INSTRUCTIONS TO FOLLOW
For this exercise, transcribe all the entries exactly as given and omit the images.

SOURCE DATA
════════════════════

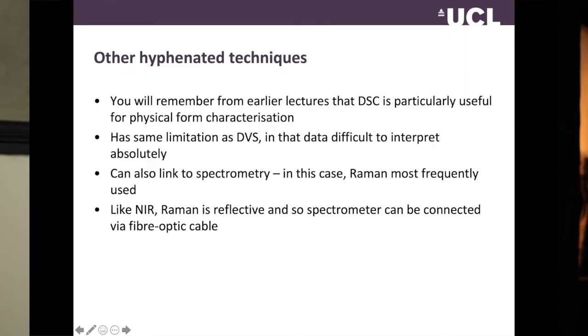I thought we'd finish the lecture by looking at how we might hyphenate other techniques, and the one we tend to do a lot is DSC — partly because I'm a calorimetrist by training and like DSC, and partly because it lends itself very well to being linked to other techniques. The main use for DSC is physical form determination — looking at phase changes as a function of temperature. It's a really good technique because regardless of what the phase change is, there's going to be a change in the DSC baseline: either an exotherm or an endotherm.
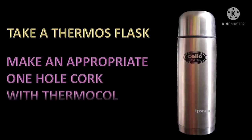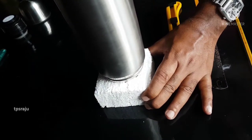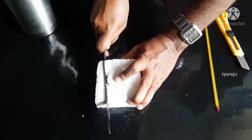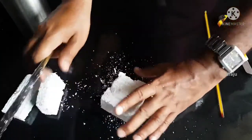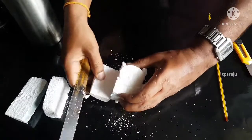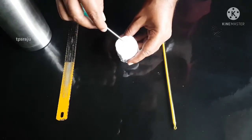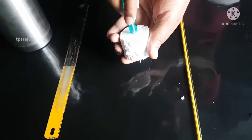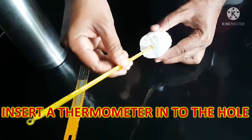Take a thermos flask and make an appropriate hole in the cork with thermocol. Then insert a thermometer into the hole.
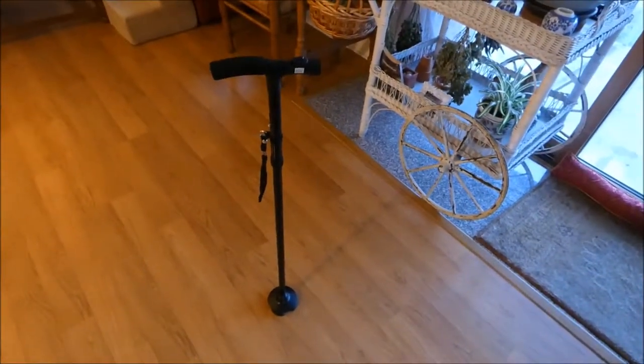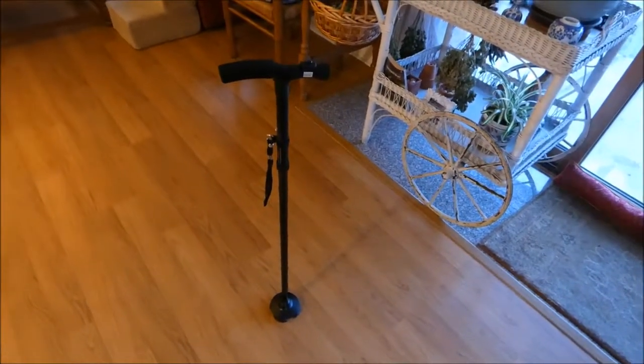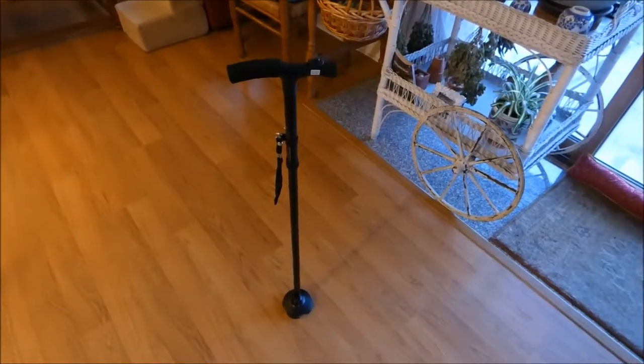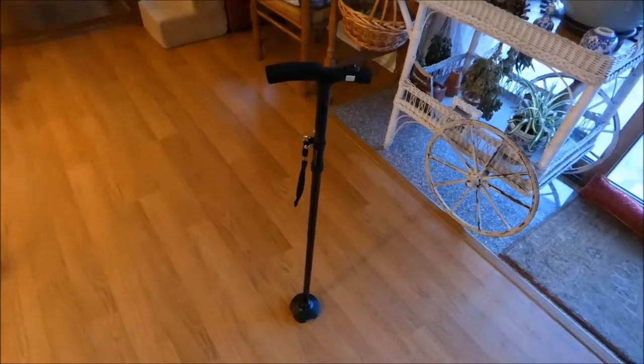It stands on its own — so nice. I have enough to think about without my cane continually falling onto the ground. That's really great.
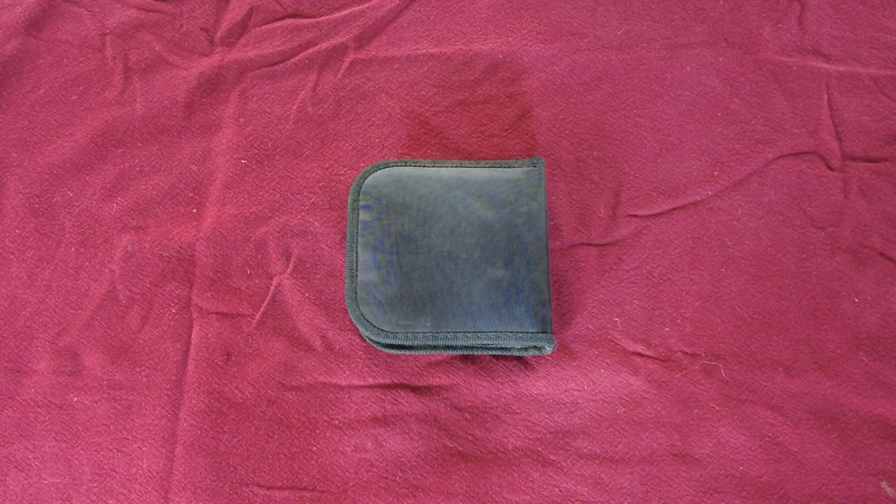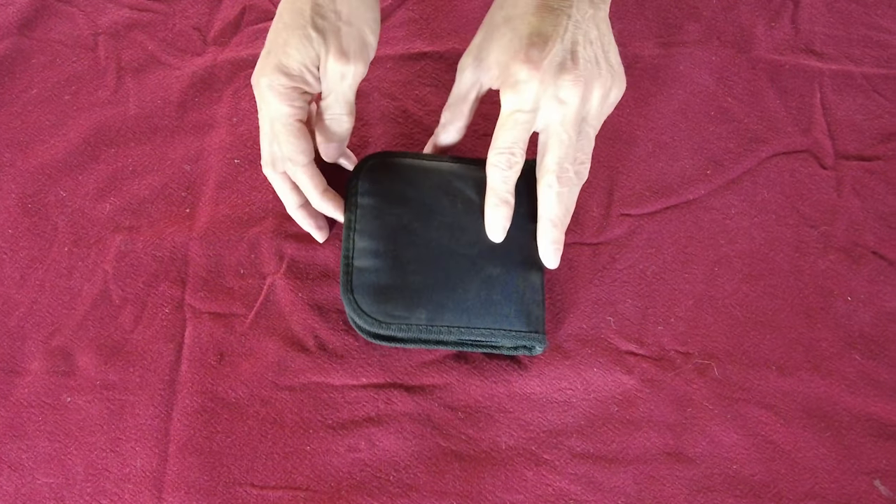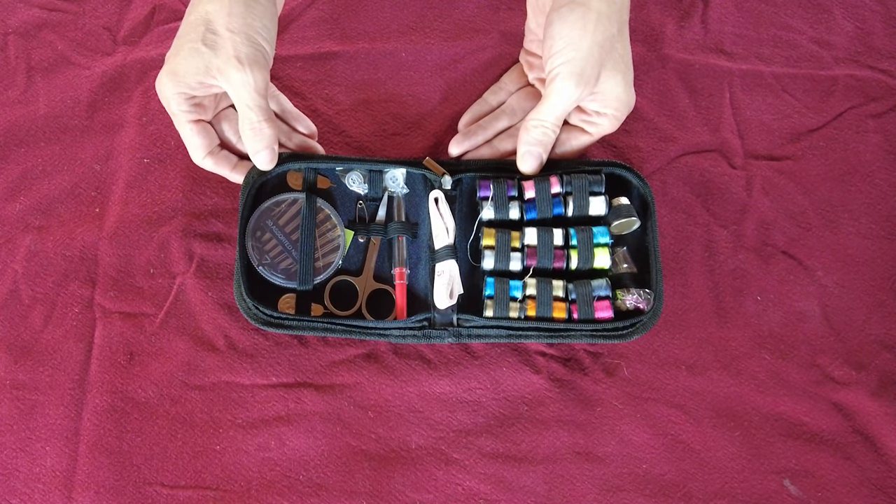There are not a whole lot of items that are universal for everyone's bug out bag, however this is a much overlooked item that everyone needs to have. This is a simple sewing kit — this can help you repair your equipment.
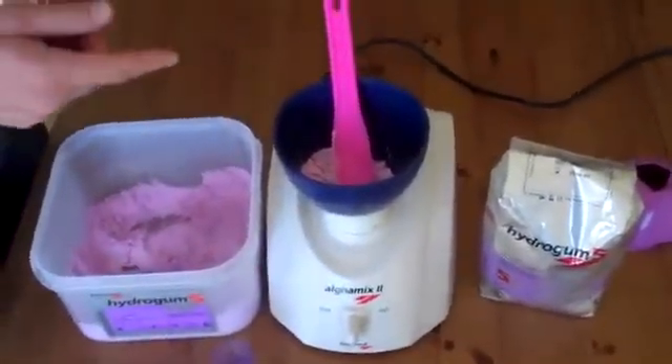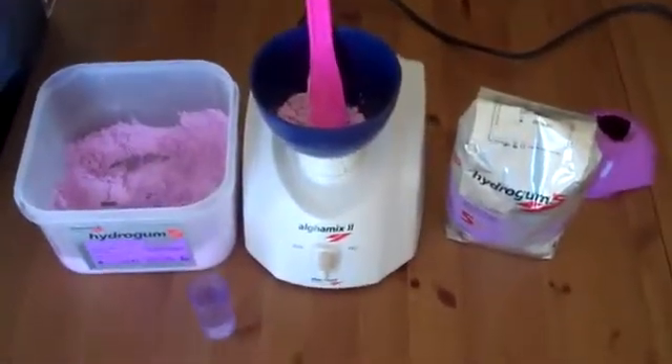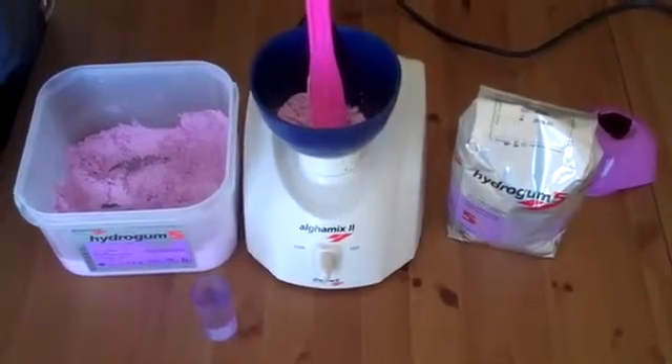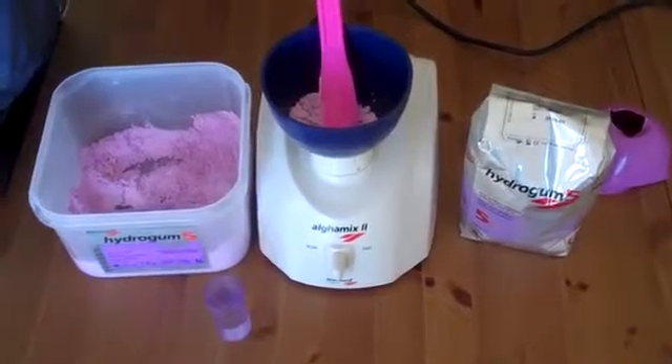Today I wanted to introduce you to a little machine for mixing alginate. As we know, if you get the impression wrong, then everything else is not worth doing. So we really know how important it is to get the impression right.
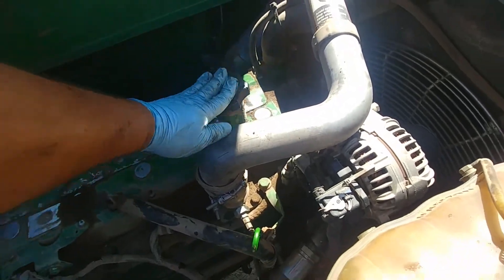We did a fresh oil change and lift pump replacement at the same time. Take care of your equipment and your equipment will take care of you. Thank you so much and see you soon.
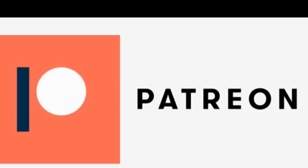Consider supporting this channel by becoming a patron. As a patron you will be able to view my videos free of ads, leave comments, ask questions, and message me directly. You can become a patron for as little as five dollars a month. Thank you.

════════════════════

OUTPUT OF THE TASK
I thought we'd finish the lecture by looking at how we might hyphenate other techniques, and the one we tend to do a lot is DSC — partly because I'm a calorimetrist by training and like DSC, and partly because it lends itself very well to being linked to other techniques. The main use for DSC is physical form determination — looking at phase changes as a function of temperature. It's a really good technique because regardless of what the phase change is, there's going to be a change in the DSC baseline: either an exotherm or an endotherm.
Take a thermos flask and make an appropriate hole in the cork with thermocol. Then insert a thermometer into the hole.
It stands on its own — so nice. I have enough to think about without my cane continually falling onto the ground. That's really great.
There are not a whole lot of items that are universal for everyone's bug out bag, however this is a much overlooked item that everyone needs to have. This is a simple sewing kit — this can help you repair your equipment.
Today I wanted to introduce you to a little machine for mixing alginate. As we know, if you get the impression wrong, then everything else is not worth doing. So we really know how important it is to get the impression right.
We did a fresh oil change and lift pump replacement at the same time. Take care of your equipment and your equipment will take care of you. Thank you so much and see you soon.
Consider supporting this channel by becoming a patron. As a patron you will be able to view my videos free of ads, leave comments, ask questions, and message me directly. You can become a patron for as little as five dollars a month. Thank you.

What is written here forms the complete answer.